Mooresville is a town located in the southwestern section of Iredell County, North Carolina, United States, and is a part of the Charlotte metropolitan area. The population was 50,193 at the 2020 census, making it the most populous municipality in Iredell County. It is located approximately 25 mi north of Charlotte.

Mooresville is best known as the home of many NASCAR racing teams and drivers, along with an IndyCar team and its drivers, as well as racing technology suppliers, which has earned the town the nickname "Race City USA". Also located in Mooresville is the corporate headquarters of Lowe's Corporation and Universal Technical Institute's NASCAR Technical Institute.

==History==
The area that would develop into the town of Mooresville was originally settled by English, German, and Scots-Irish families who moved into the area from nearby Rowan County, as well as from Virginia, Pennsylvania, and elsewhere. Many were seeking new lands on which to establish farms. Many of the early families such as the Wilsons, Davidsons, Cowans, Sherrills, Torrances, and others came to the area as early as the mid-1700s. They formed small communities that eventually grew into the community known as "Deep Well", which took its name from a large natural well that was found in the area.

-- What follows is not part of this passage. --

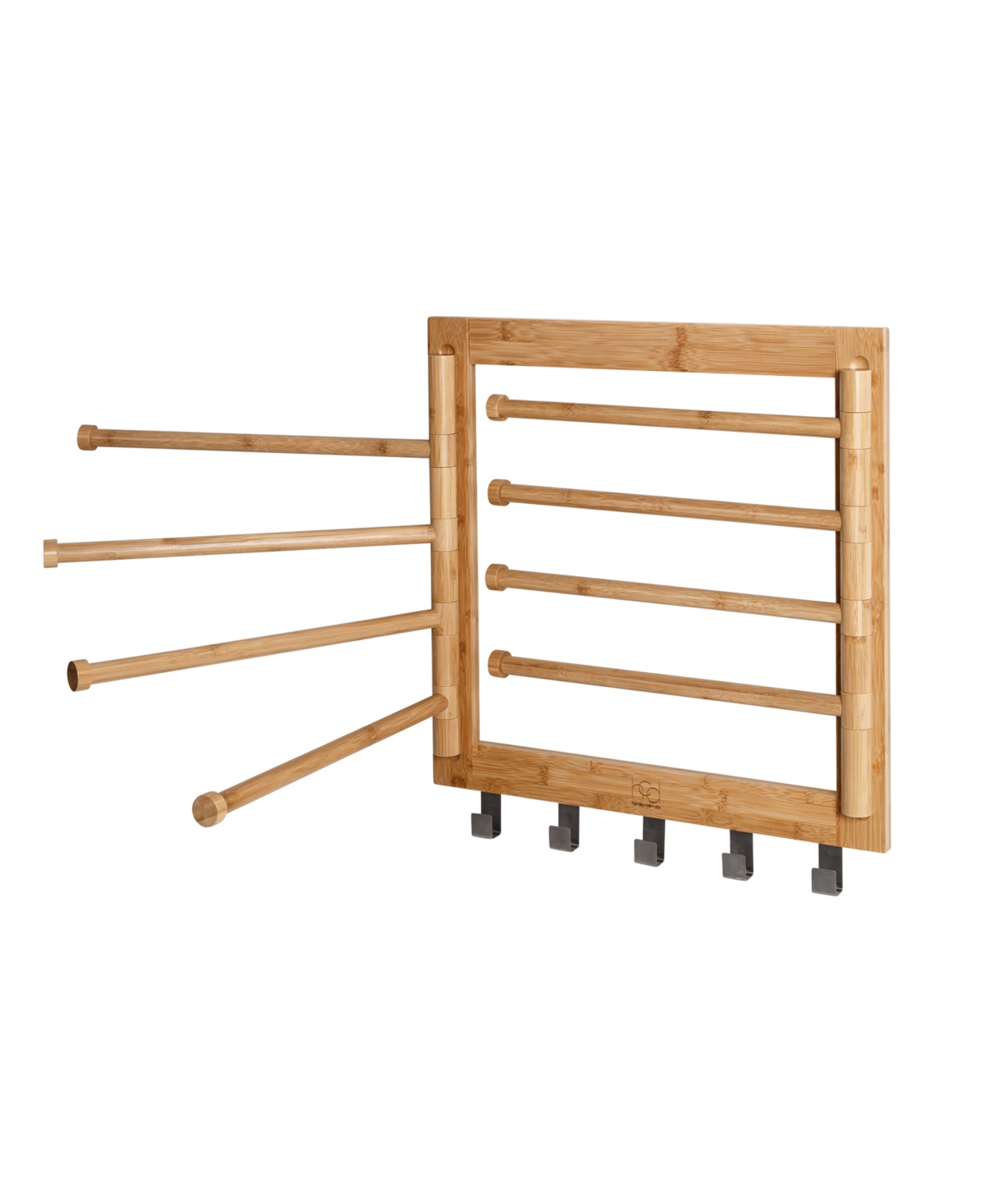 Wall-Mounted Bamboo Swivel-Arm Clothes Drying Rack - Natural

Many of these families established large farms, primarily of cotton, which grew into small plantations by the 1850s. Major Rufus Reid was the most prominent planter in the area, enslaving 81 African Americans on over 2000 acre of land. His property was known as Mount Mourne Plantation, named after the Mourne Mountains of County Down in Northern Ireland. Several other historic plantation homes are set in the area as well, including the Johnson-Neel House, the Cornelius House, Forest Dell Plantation, and the colonial era Belmont Plantation.

In 1856, a railroad was placed on a ridge that crossed the land of a local farmer by the name of John Franklin Moore. A small-scale planter, Moore set up a depot on his land, and encouraged others to help establish a small village on the location in the late 1850s. The little village, known as "Moore's Siding", was born. The Civil War hampered developments, with the railroad tracks being removed to aid the Confederate efforts in Virginia. After the war, the tracks were returned, and Moore's Siding slowly began to prosper.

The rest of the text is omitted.